● What the task requires
From the line that includes "Buy MySilkLove Salmon" to the last line of the records that follow, copy every line exactly and nothing more, omitting pictures.

● Input material
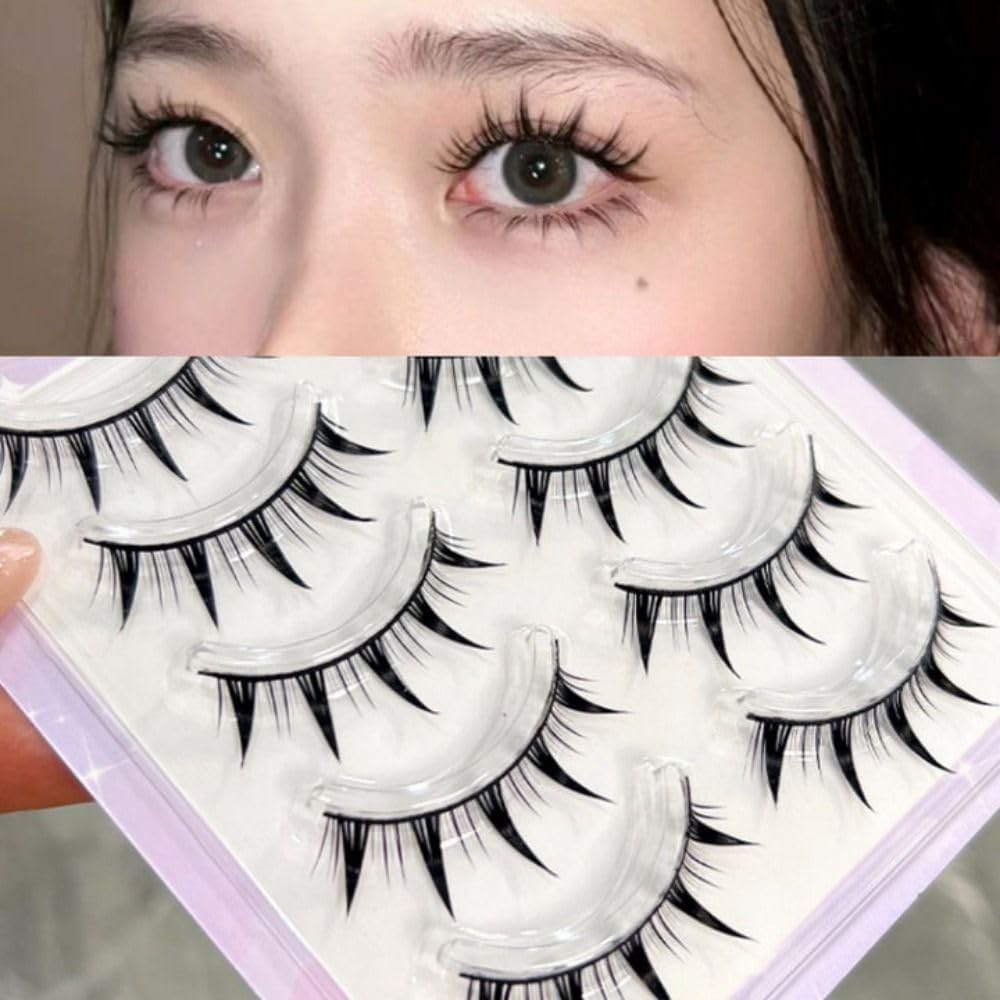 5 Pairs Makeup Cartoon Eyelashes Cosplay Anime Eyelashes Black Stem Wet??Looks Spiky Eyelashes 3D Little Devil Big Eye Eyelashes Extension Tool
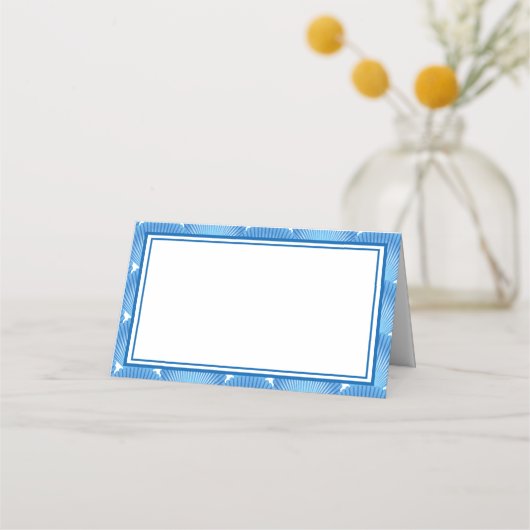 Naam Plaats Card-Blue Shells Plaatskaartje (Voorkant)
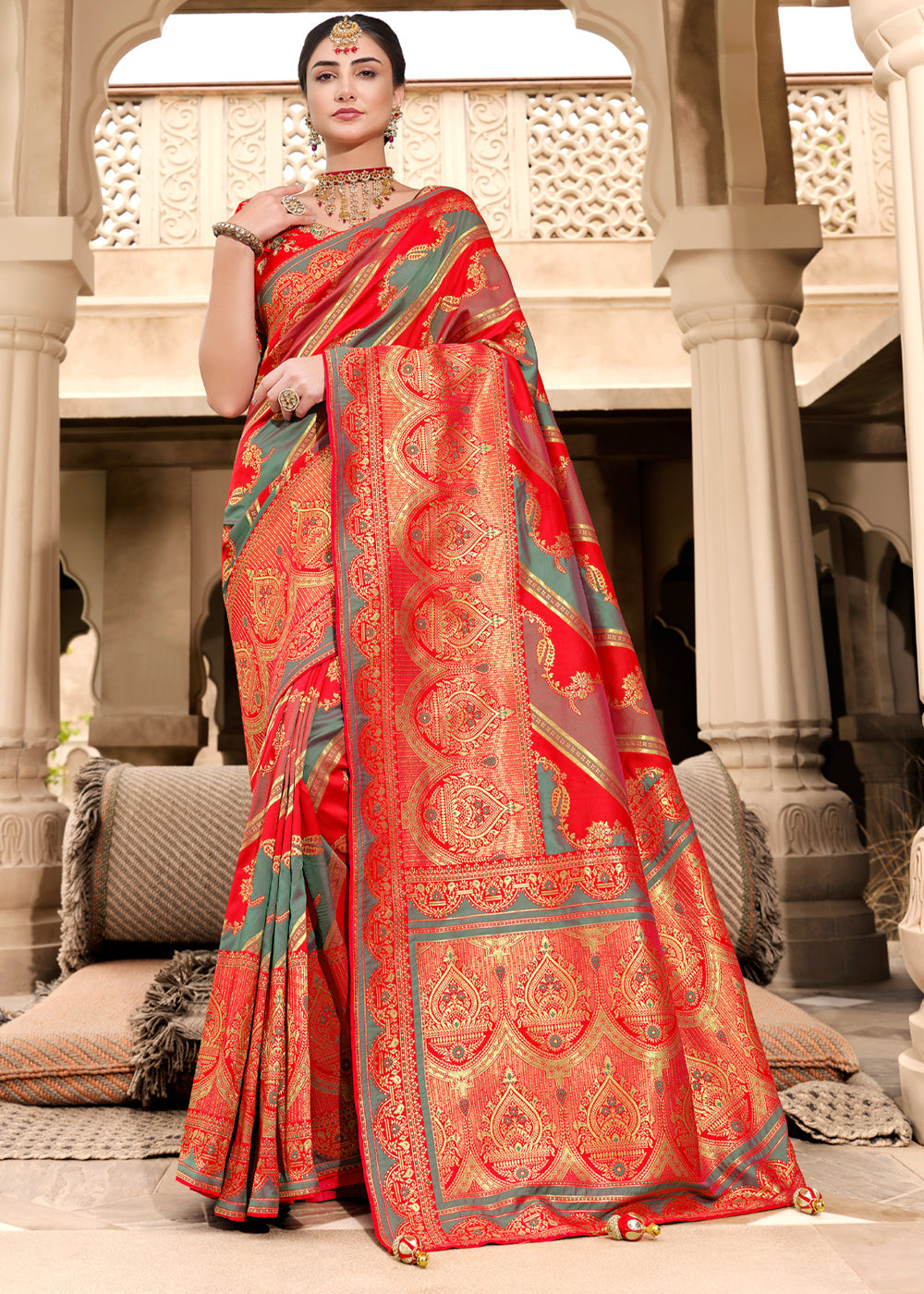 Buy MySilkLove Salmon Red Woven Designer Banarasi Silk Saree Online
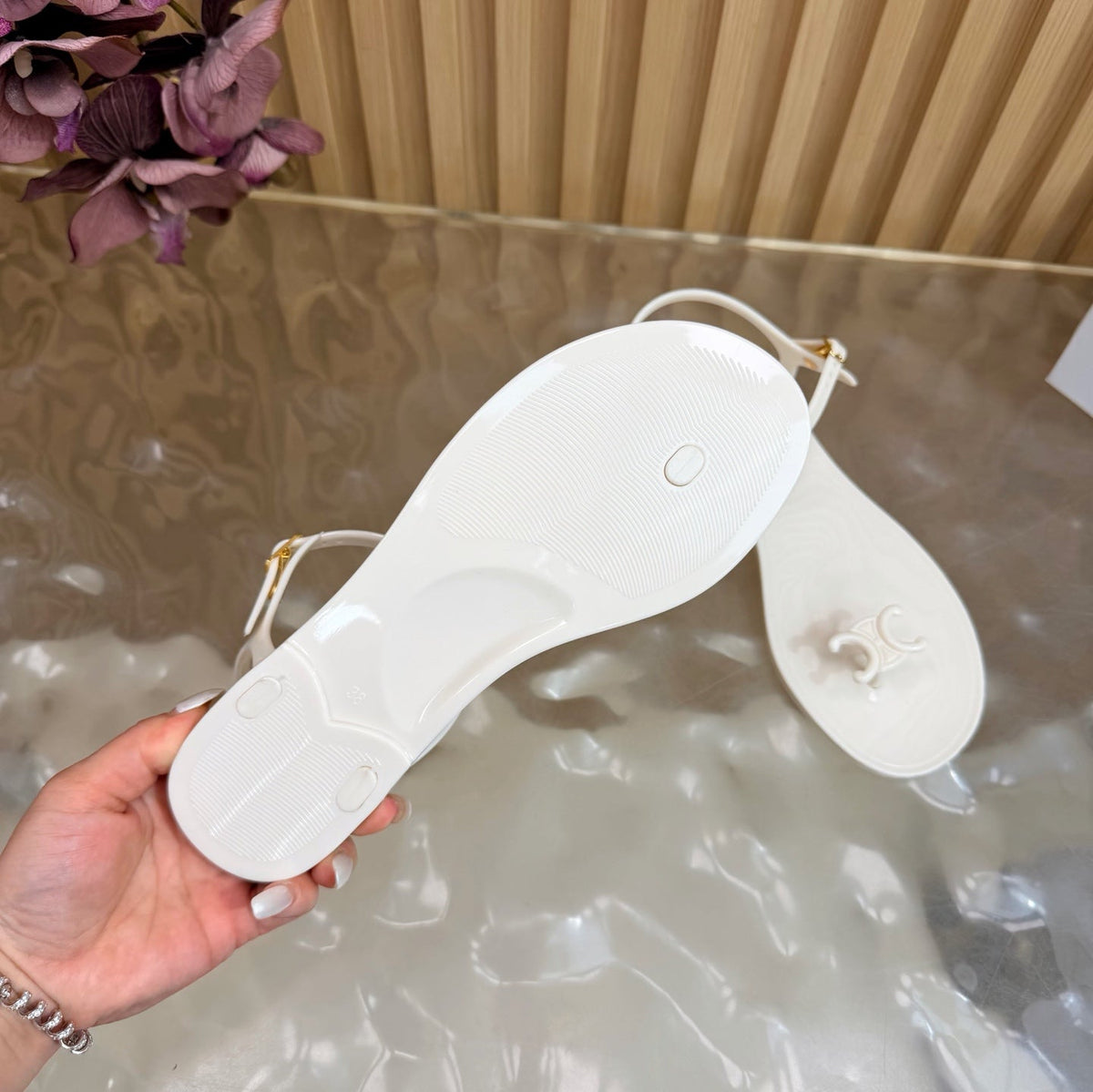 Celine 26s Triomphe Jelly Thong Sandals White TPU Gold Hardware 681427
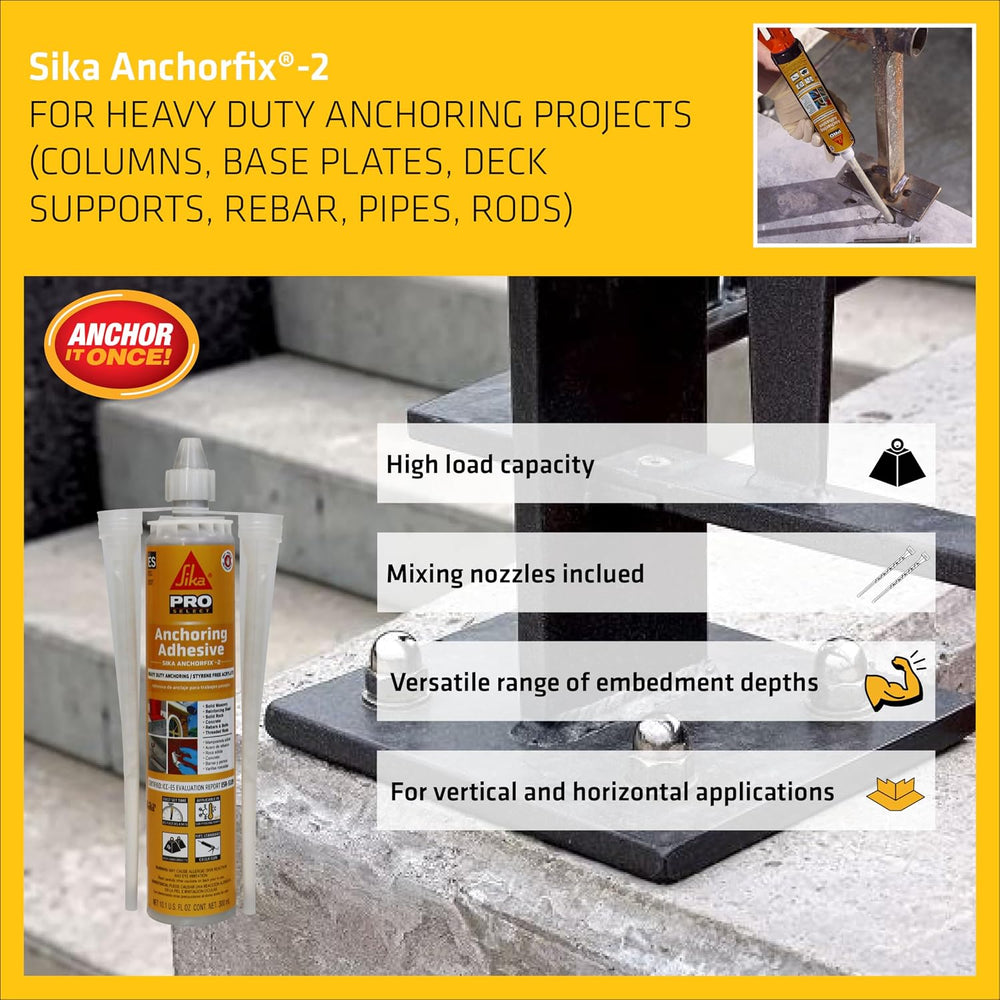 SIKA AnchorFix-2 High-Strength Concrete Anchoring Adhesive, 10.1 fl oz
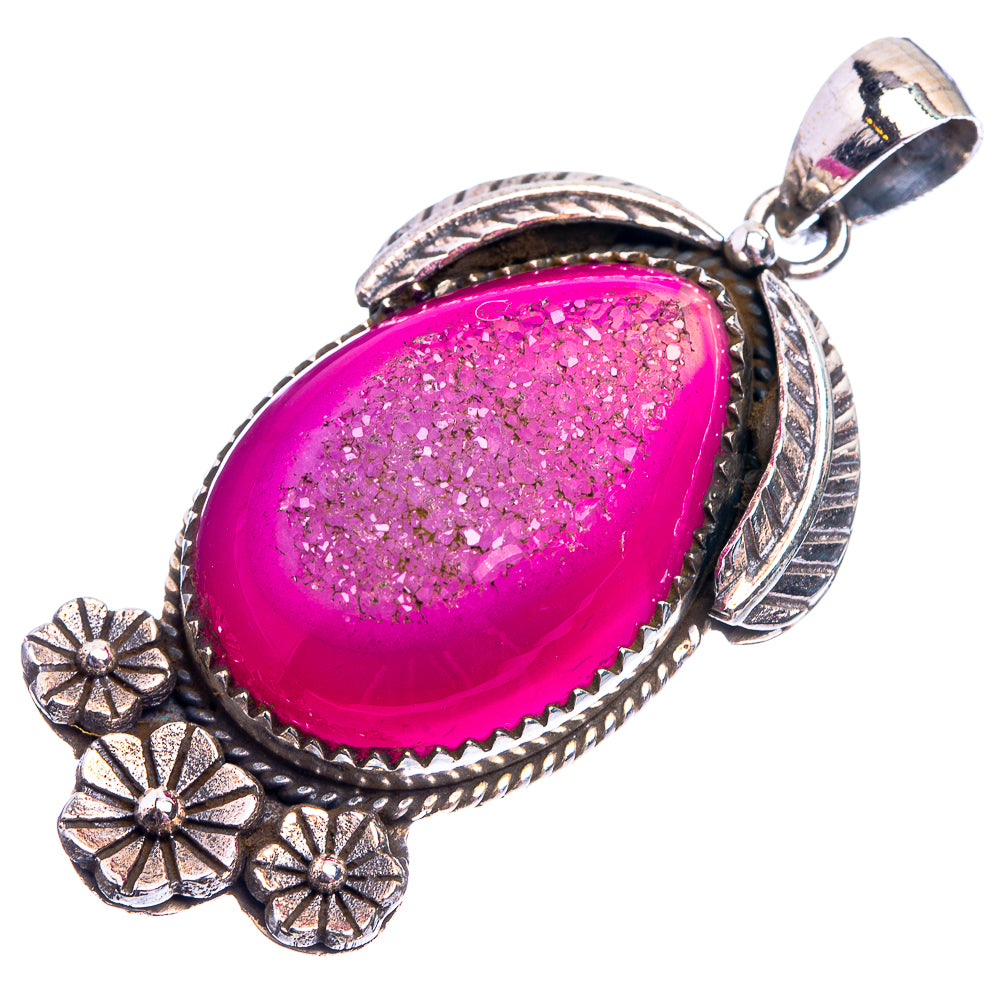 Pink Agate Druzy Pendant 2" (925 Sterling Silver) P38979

● Answer area
 Buy MySilkLove Salmon Red Woven Designer Banarasi Silk Saree Online
 Celine 26s Triomphe Jelly Thong Sandals White TPU Gold Hardware 681427
 SIKA AnchorFix-2 High-Strength Concrete Anchoring Adhesive, 10.1 fl oz
 Pink Agate Druzy Pendant 2" (925 Sterling Silver) P38979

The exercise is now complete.